Part of the common resistance to seeking treatment of bipolar disorder lies in the perception among many of us that we are unusually productive while manic, a perception that is hard to shake because it is sometimes correct. My voracious reading at the time was driven in part by a long hypomanic period that would, eventually, lead to me starting on Risperdal Consta, a treatment I would stick with for barely longer than four months.
It’s one of the ironies of my life that my grandfather, a progenitor of the field and one-time president of the professional organization National Council of Teachers of English, published empirical findings using polygraph machines to measure student stress levels, evaluations of standardized tests of reading, pedagogical papers on teaching the classics, and poetry. In other words, the types of research he was able to publish and use for professional advancement were far more diverse and far less practically constrained than mine were, despite the fact that the field constantly lauds itself for its interdisciplinarity.
A little off topic but I want to rebut the idea that the finish line for educational research and reform should be getting everyone into college and an "elite" career. That is economically illiterate. A healthy economy has a wide diversity of work and not all of those jobs are going to be in the field of computer programming. Blue collar labor is just as necessary to a well-functioning society as white collar labor. It is no failure if somebody doesn't want to go to college--that is a simple and basic diversity that society as a whole should understand and embrace.
What is remarkable to me is the belief that only white collar work should pay well and the blue collar work should naturally pay poverty wages. Why does this paradigm go largely unquestioned/unchallenged? It's factually wrong for the skilled trades and the worship of concepts like "creativity" and "innovation" has become practically fetishized.
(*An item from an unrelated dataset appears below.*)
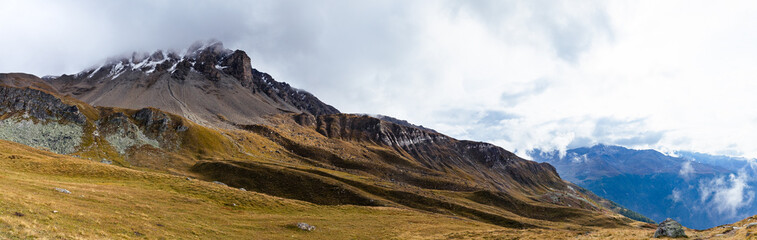 Panorama of a Swiss mountain on a cloudy sky in Wallis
Really great post. “Hard science” folks like your friend will always be skeptical of social science, and a lot of that skepticism is deserved – but these are important questions, and there’s no good alternative, especially because we’re largely talking about quantitative outcomes (GPA, test scores, class rank, college admissions and performance, job salary, etc.) Ethnography can suggest hypotheses, but it can’t tell us what works at scale.
I encountered a lot of the same prejudices against statistics in grad school, mostly from people who specialized in inequality (race, gender, and LGBTQ studies). They would convince themselves it was a hate crime to even categorize people for quantitative analysis. For example, a checkbox for race/ethnicity = oppression because it reduces complex personal identities to a few categories. I would often point out that we wouldn’t even be able to talk about inequality without categories and numbers.
For me, one of the most feasible reforms is increased & improved use of randomization. We need greater tolerance for the inherent unfairness of randomizing interventions in the short term so that we can help everyone in the long term.
Another feasible one is publishing null findings--because this can be accomplished without billionaires. The discipline could come together to support a real journal for null results, or (even better) prestigious journals could dedicate a certain % of each issue to null results. A small group of big names could make this happen if they really wanted to. But they’re probably afraid of younger scholars publishing papers that disprove their pet theories.
Finally, more funding for schools to conduct their own quantitative research (in collaboration with professional researchers). Schools have access to their own student data, the ability to conduct new surveys / assessments, and the desire to find out what actually works in reality. I haven’t looked at the research closely enough to speak to the quality, but the concept behind the U Chicago Education Lab (partnering researchers with school districts) seems promising – at least, it’s better than school districts implementing expensive interventions without a plan to study the results that accounts for the many threats to internal validity.